● **Prompt**:
A verbatim copy is needed of the lines below from the one containing "Aerial view of" up to and including the one containing "Black Dior leather", excluding pictures.

● **Exercise inputs**:
== == ==

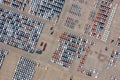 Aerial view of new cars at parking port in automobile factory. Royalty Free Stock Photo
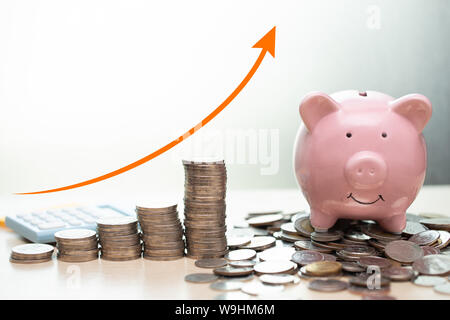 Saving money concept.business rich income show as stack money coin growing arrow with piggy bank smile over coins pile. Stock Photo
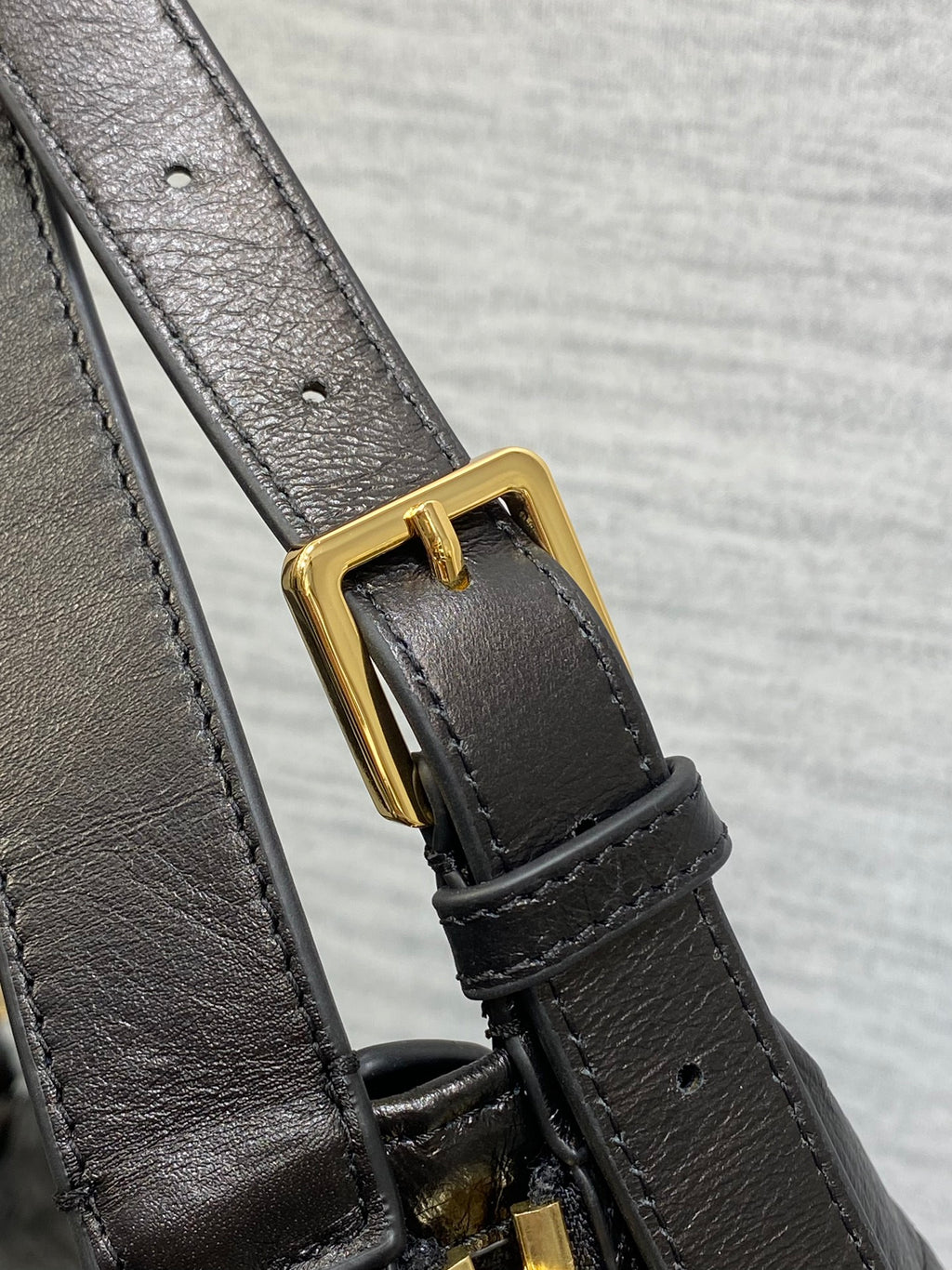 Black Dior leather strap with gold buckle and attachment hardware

== == ==

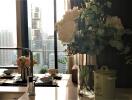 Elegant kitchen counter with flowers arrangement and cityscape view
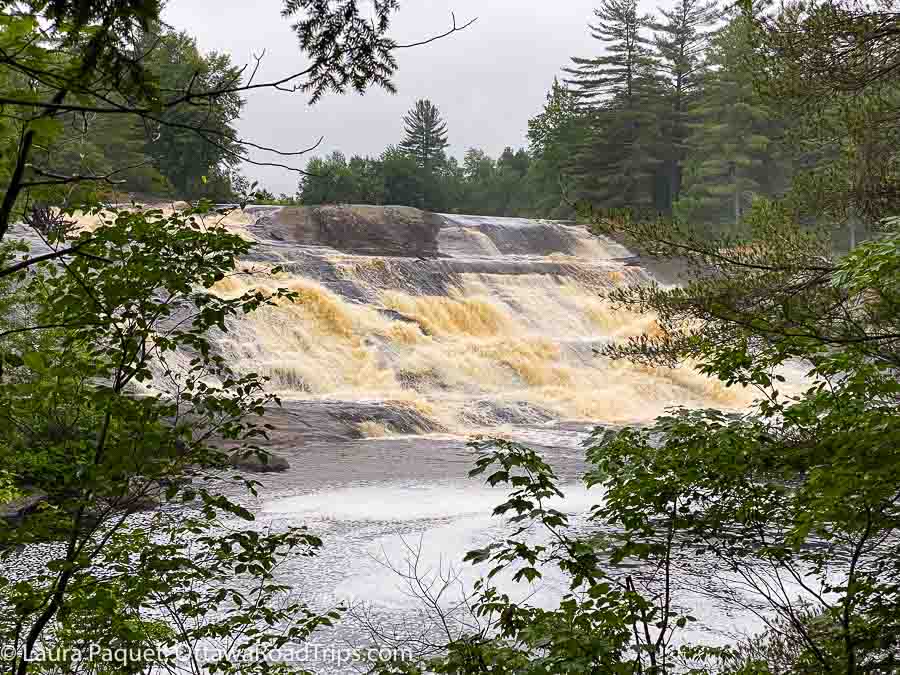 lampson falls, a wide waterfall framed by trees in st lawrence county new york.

== == ==

● **Response to this exercise**:
 Aerial view of new cars at parking port in automobile factory. Royalty Free Stock Photo
 Saving money concept.business rich income show as stack money coin growing arrow with piggy bank smile over coins pile. Stock Photo
 Black Dior leather strap with gold buckle and attachment hardware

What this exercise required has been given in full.